Task item: From the first line to the last, write out the records exactly, leaving the pictures behind.

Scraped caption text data
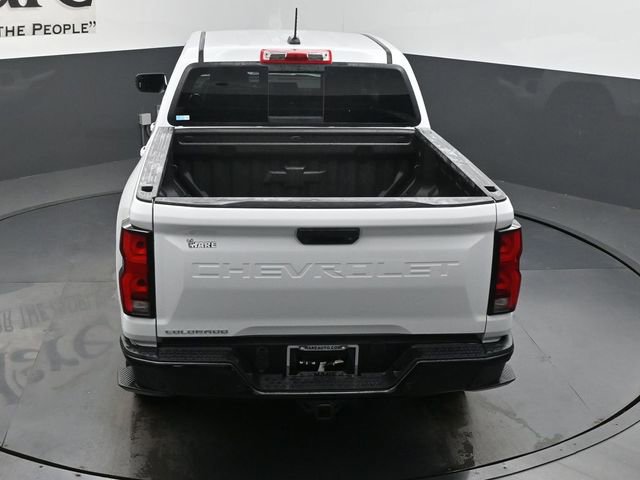 New 2026 Chevrolet Colorado Z71 image 35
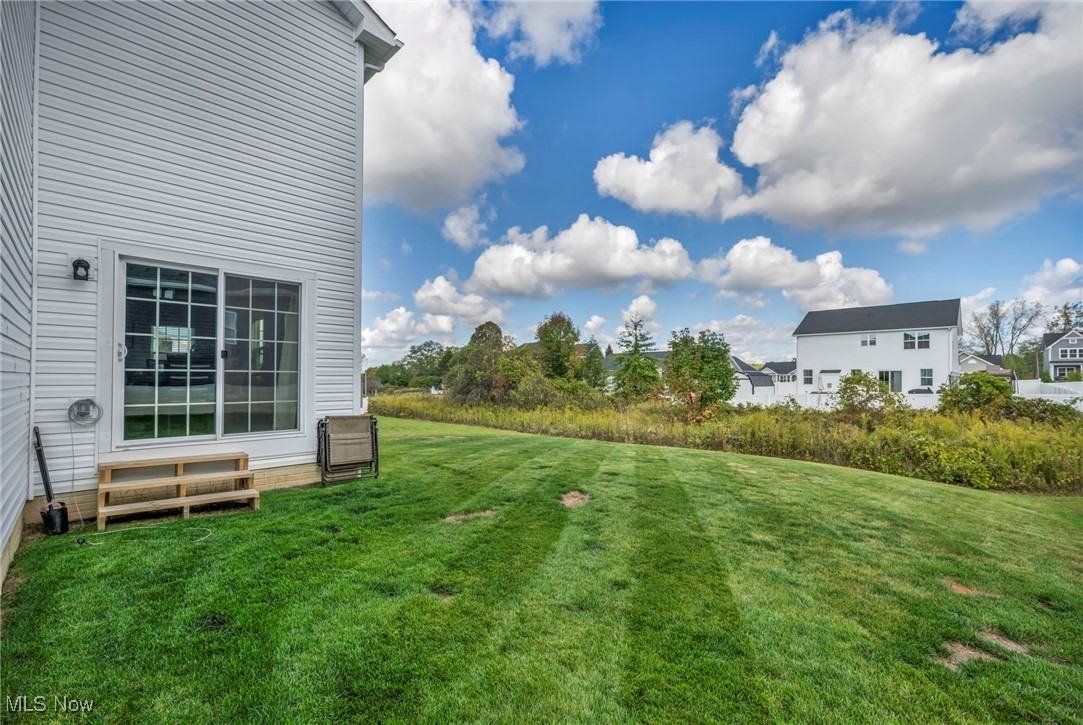 Fairway Lndg Sub Ph 2 - Residential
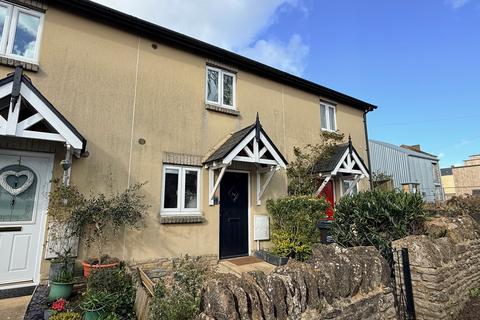 undefined, Angel Lane, Wincanton BA9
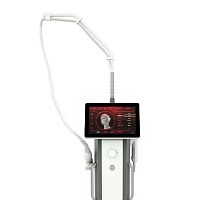 RF skin rejuvenation unit Secret RFtrolley-mounted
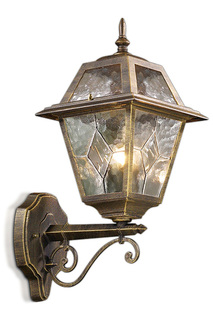 Уличный настенный светильник ODEON LIGHT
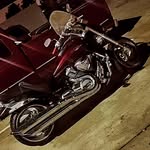 Justin Lamson - @big_red1886 - Instagram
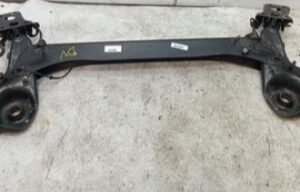 Eixo Traseiro Fiat Bravo 2011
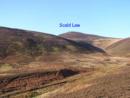 The route up scald law from the start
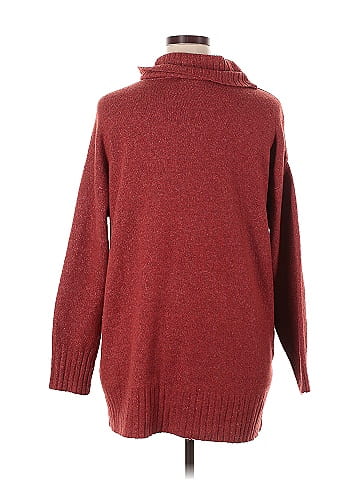 D&Co. Turtleneck Sweater (view 2)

Written solution:
 New 2026 Chevrolet Colorado Z71 image 35
 Fairway Lndg Sub Ph 2 - Residential
 undefined, Angel Lane, Wincanton BA9
 RF skin rejuvenation unit Secret RFtrolley-mounted
 Уличный настенный светильник ODEON LIGHT
 Justin Lamson - @big_red1886 - Instagram
 Eixo Traseiro Fiat Bravo 2011
 The route up scald law from the start
 D&Co. Turtleneck Sweater (view 2)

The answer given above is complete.